Homework Statement .
Solve the differential equation: $(3x^2-y^2)dy-2xydx=0$. The attempt at a solution.
I thought this was an exact differential equation. If I call $M(x,y)=-2xy$ and $N(x,y)=3x^2-y^2$, then the ODE is an exact differential equation if and only if $\frac{\partial M}{\partial y}= \frac{\partial N}{\partial x}$. Now, when I compute these two partial derivatives, $\frac{\partial M}{\partial y}=-2x$ and $\frac{\partial N}{\partial x}=6x$ which are clearly different. Am I doing something wrong or is it just that this equation is not exact?

 

[Mark44]

Homework Statement .
Solve the differential equation: $(3x^2-y^2)dy-2xydx=0$.


The attempt at a solution.
I thought this was an exact differential equation. If I call $M(x,y)=-2xy$ and $N(x,y)=3x^2-y^2$, then the ODE is an exact differential equation if and only if $\frac{\partial M}{\partial y}= \frac{\partial N}{\partial x}$. Now, when I compute these two partial derivatives, $\frac{\partial M}{\partial y}=-2x$ and $\frac{\partial N}{\partial x}=6x$ which are clearly different. Am I doing something wrong or is it just that this equation is not exact?

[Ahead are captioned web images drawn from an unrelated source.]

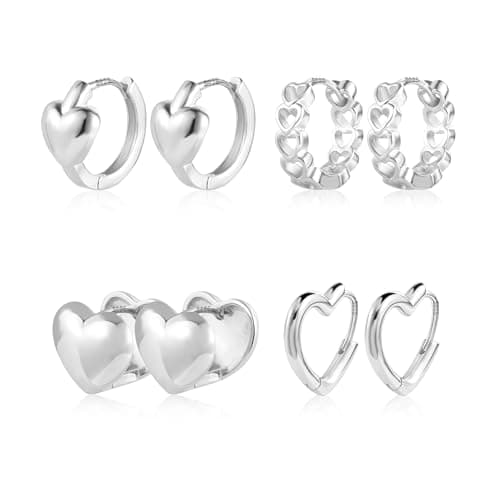 Image of ASH'S CHOICE 925 Sterling Silver Heart Hoop Earrings - Hypoallergenic Multipack, Tiny Sleeper Cartilage Huggie Earrings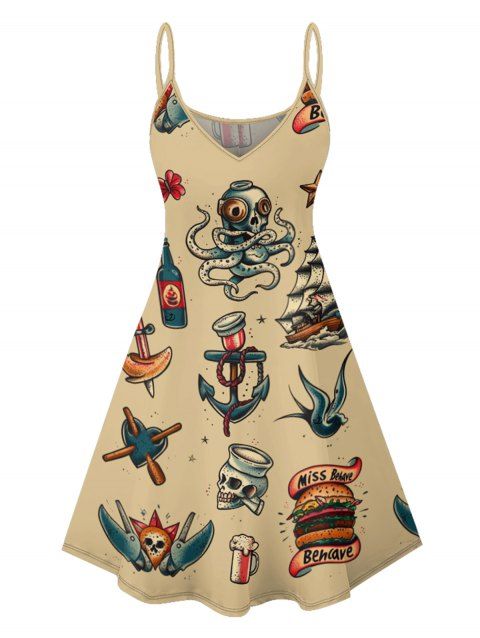 Mini Robe de Vacances Vintage Motif de Crâne et de Roche à Bretelle Fine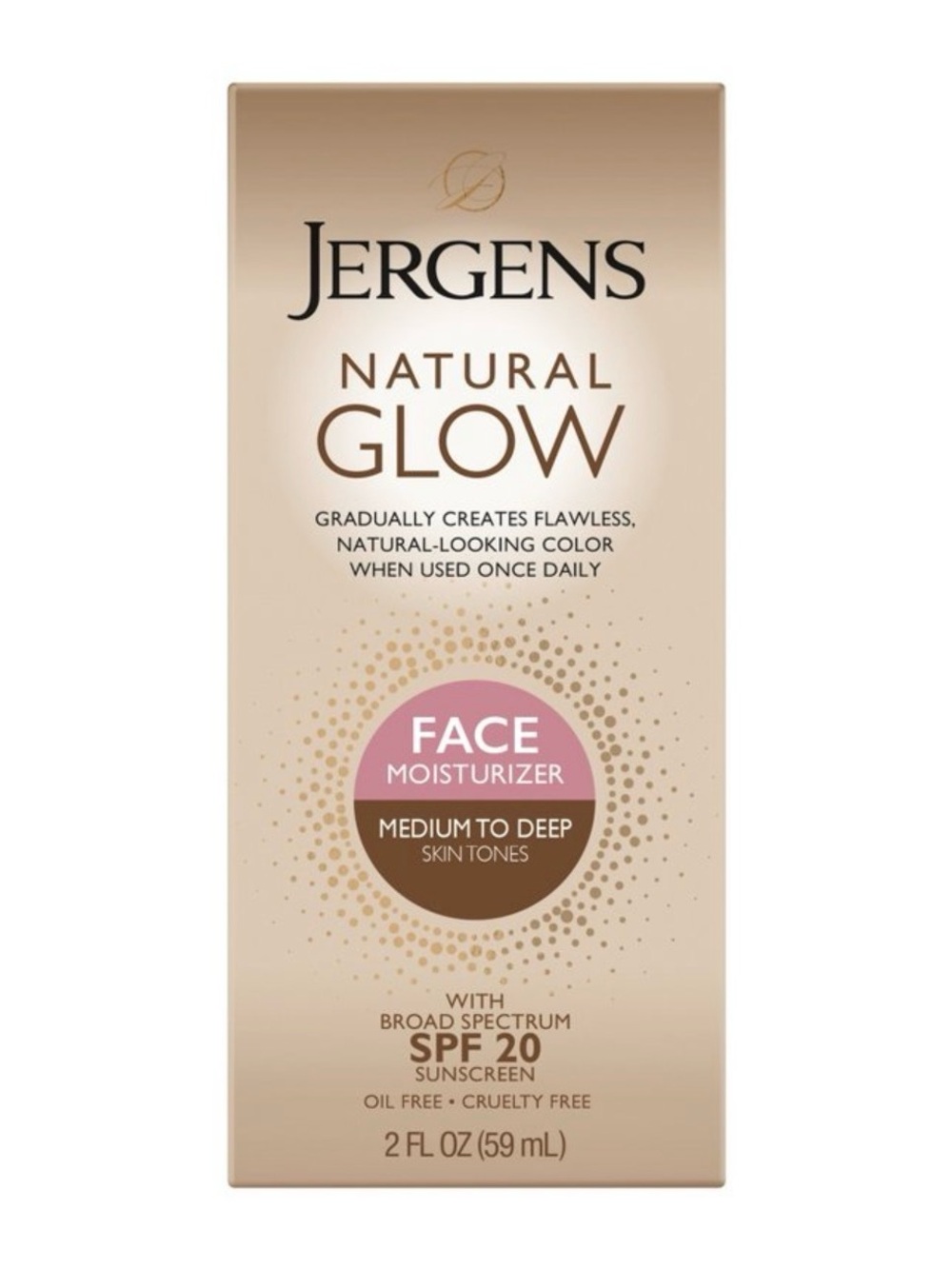 Jergens Glow Face Moisturizer Self Tanner Daily Sunscreen SPF 20 Medium to Deep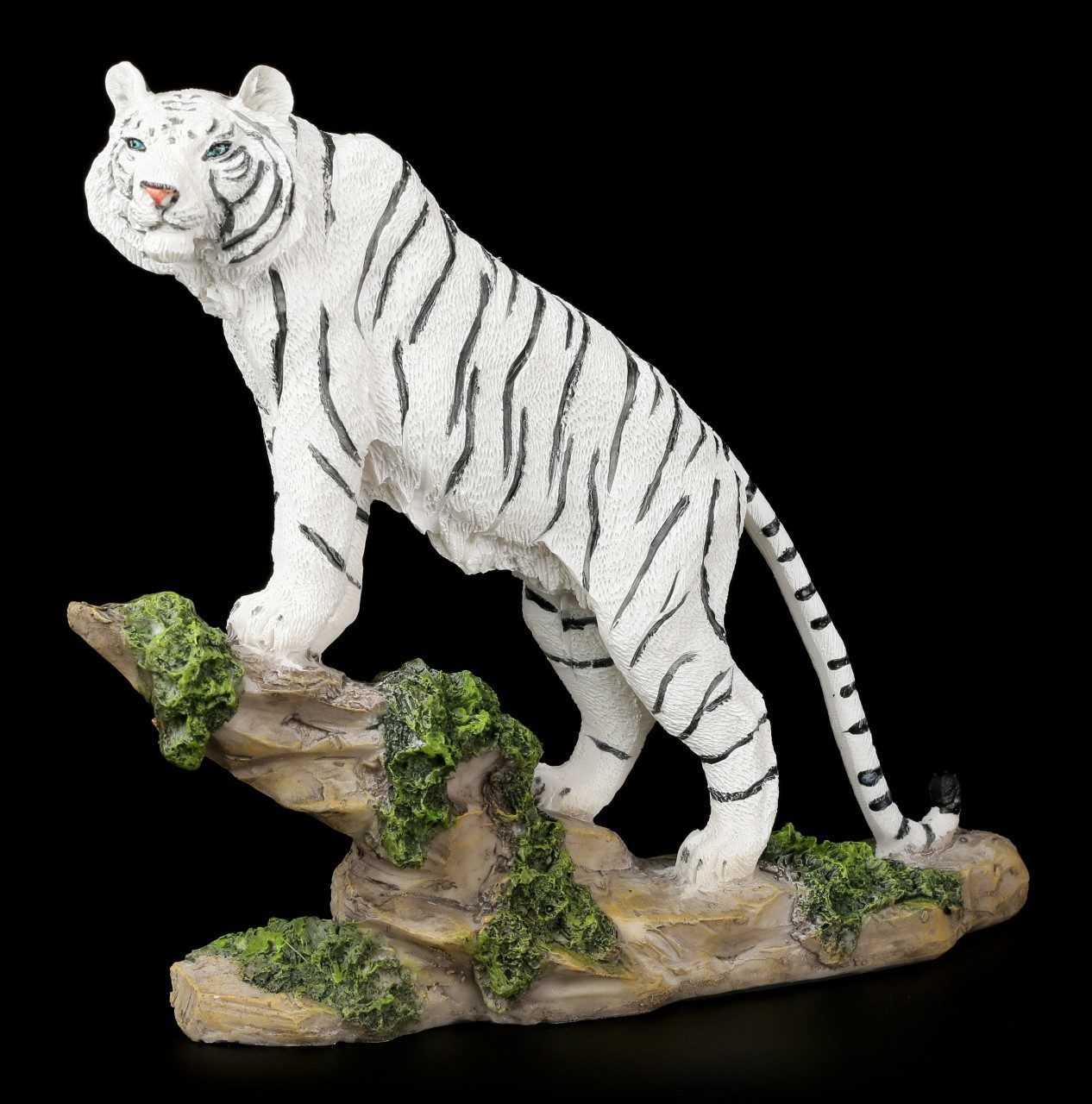 Weiße Tiger Figur - Stolz auf dem Felsen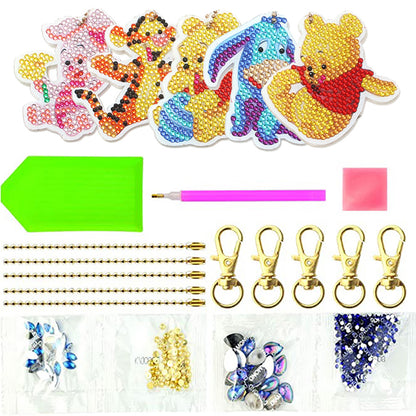 DIY Diamond Painting Keychains Kit 5Pcs Winnie The Pooh And Tigger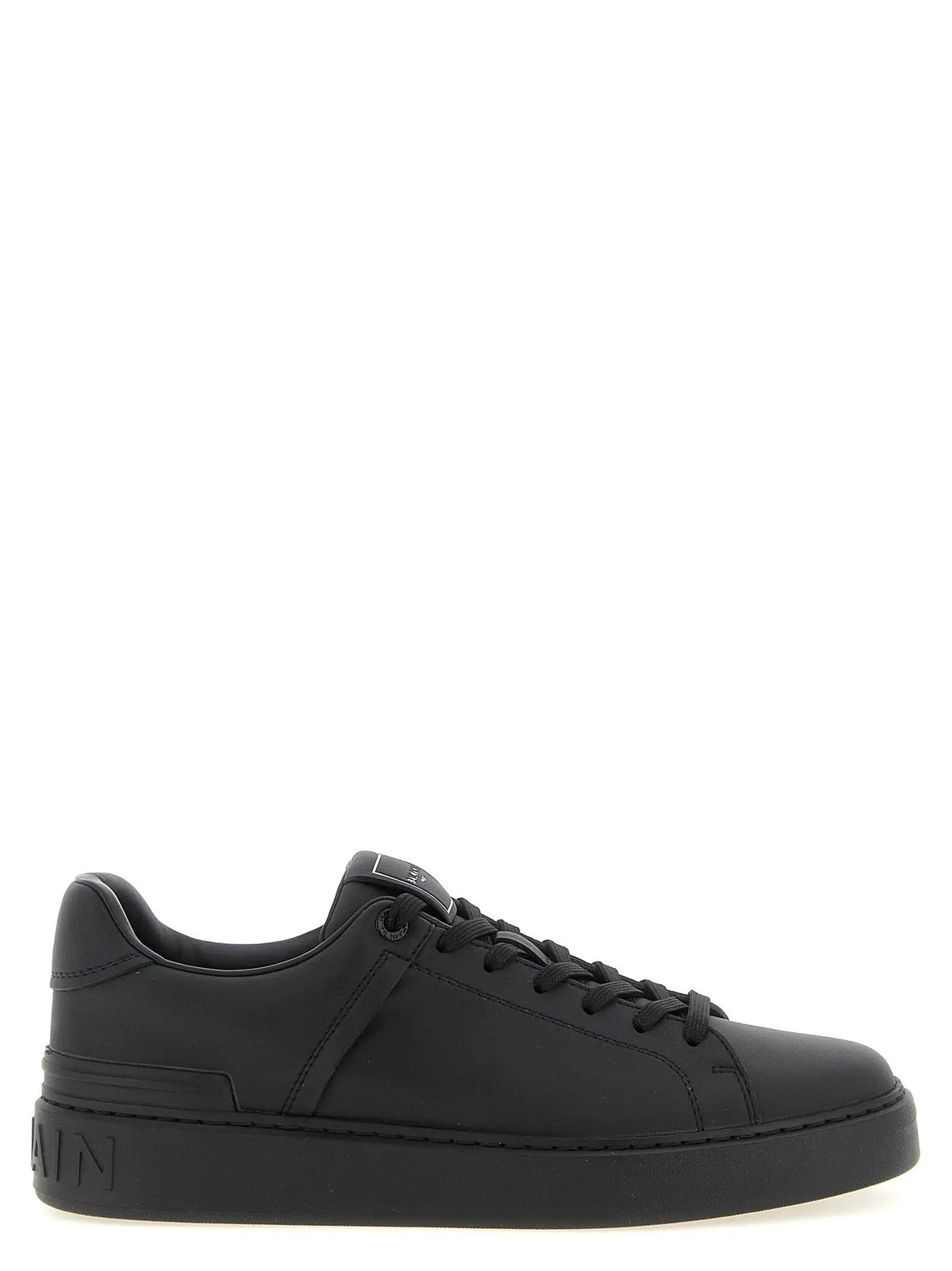 Baskets basses en cuir de veau noir Balmain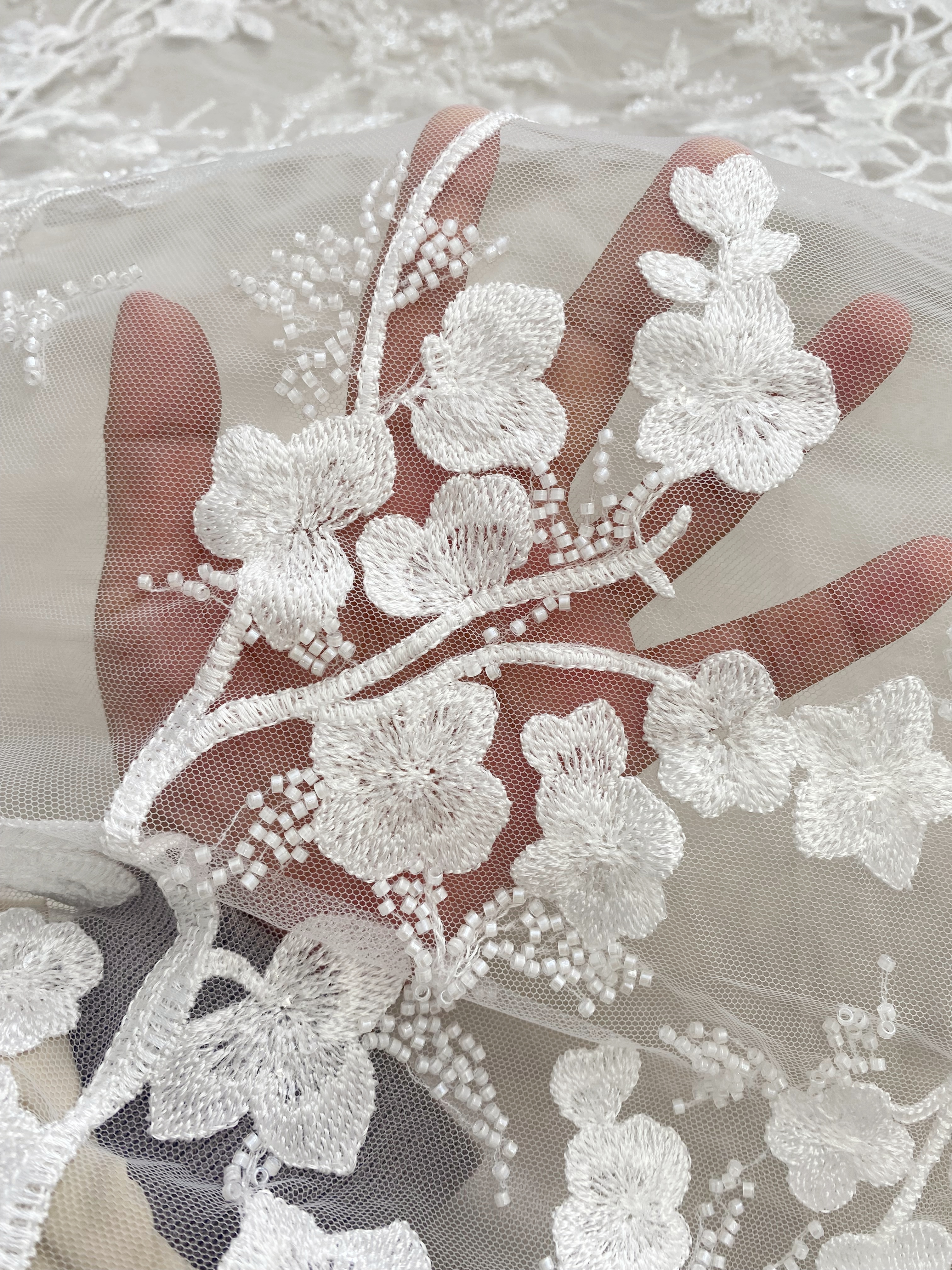 Ivory Beaded Flowers Embroidery Mesh Fabric with Sparkly Sequine Floral Tull Lace for Wedding, Bridal Dress, Veil, Bridal Fabric 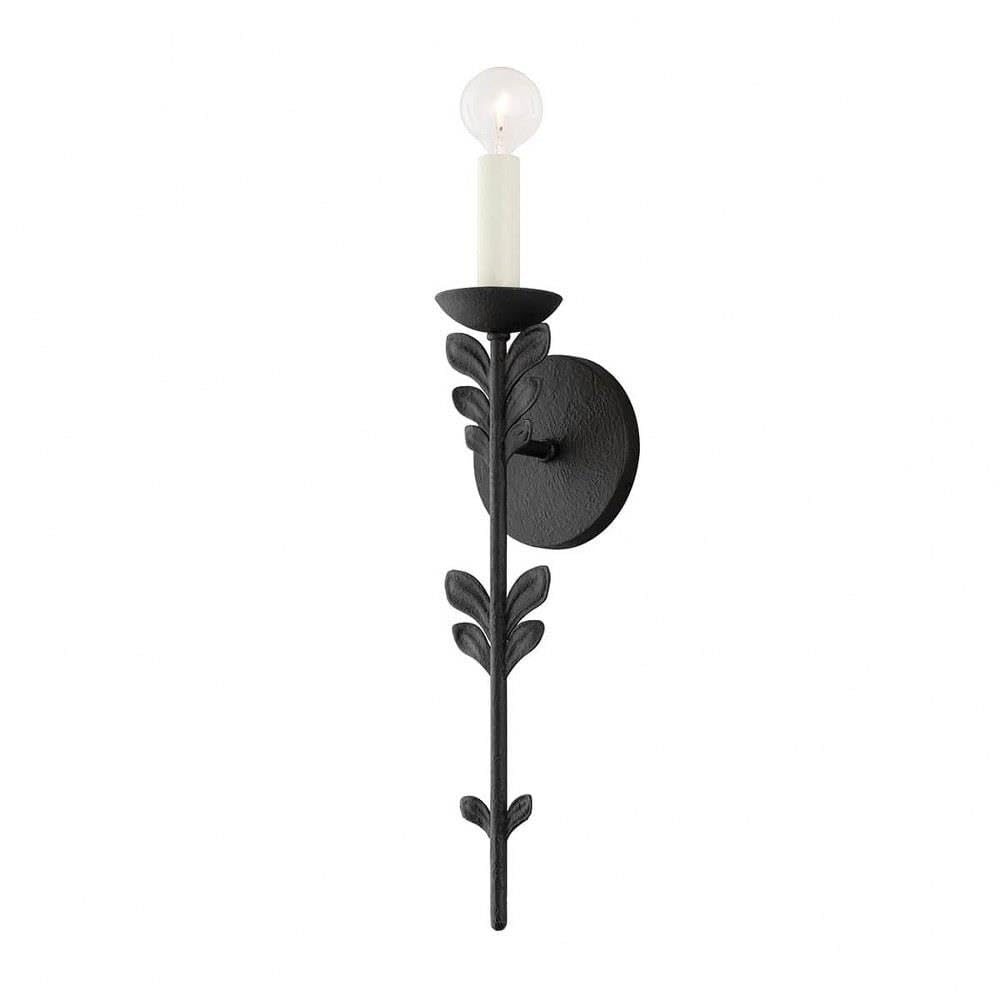 Troy Lighting Florian 20 Wall Light | Black Iron Finish | Exposed Bulb Design | Botanical Modern 1-Light Wall Sconce | Made of A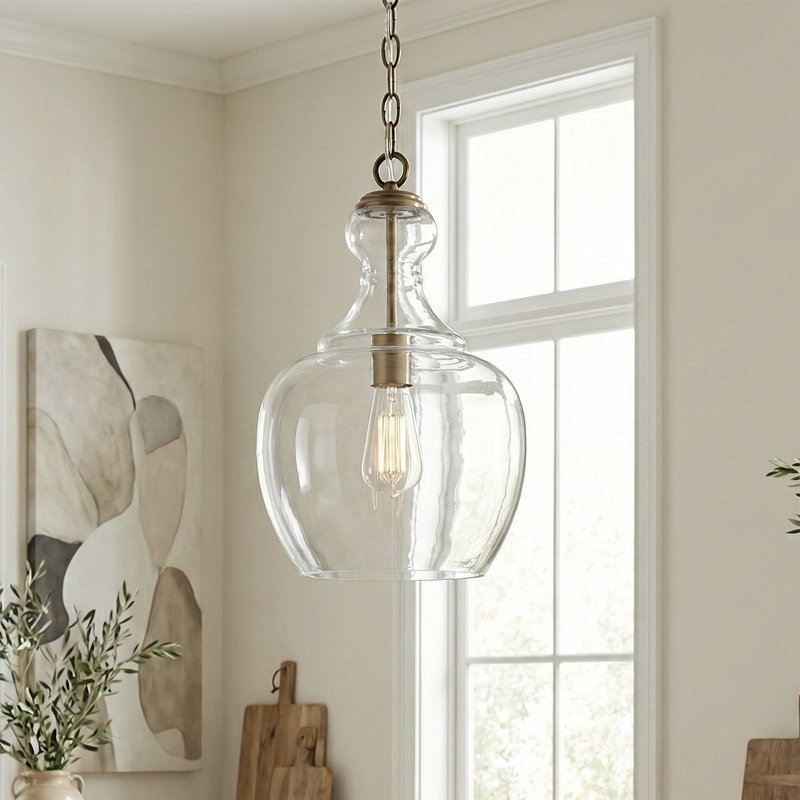 Verona 11" Wide Pendant with Glass Shade in Brass/Clear, Brass, Clear
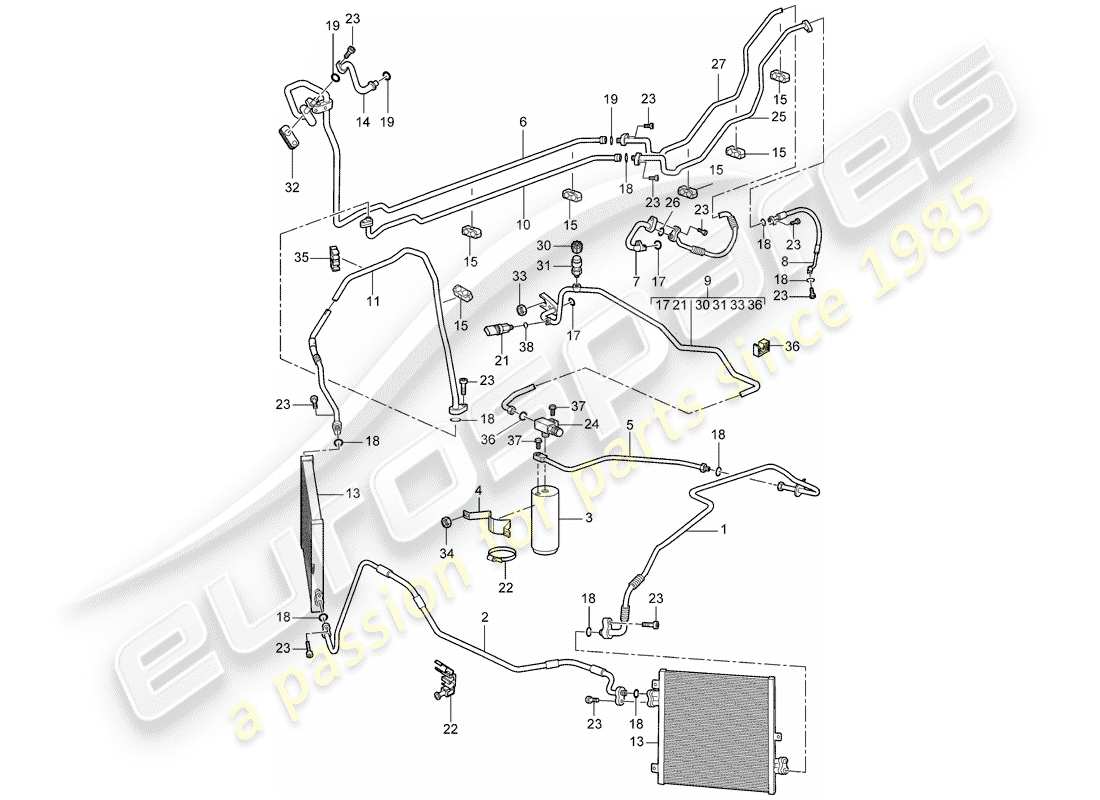 porsche 2009 (997-2 gt3) kältemittelkreislauf teilediagramm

Looks to me to be not exact.

 

[mahler1]

Looks to me to be not exact.

Yes, I've looked up in an ODE textbook and I've found that you can reduce this equation to an exact differential equation by something called "the integrating factor". Thanks anyway.

 

[STEMucator]

I find it helps writing the equation like so to avoid negative sign errors:

$(3x^2-y^2)dy + (-2xy)dx=0$

I can see an integrating factor in your equation that relies only on $x$. Using this integrating factor, you might be able to turn this equation into an exact equation. Then it is easily solvable.

 

[mahler1]

I find it helps writing the equation like so to avoid negative sign errors:

$(3x^2-y^2)dy + (-2xy)dx=0$

I can see an integrating factor in your equation that relies only on $x$. Using this integrating factor, you might be able to turn this equation into an exact equation. Then it is easily solvable.

Thanks, I've been able to reduce the equation to an exact equation by finding $μ(x)$.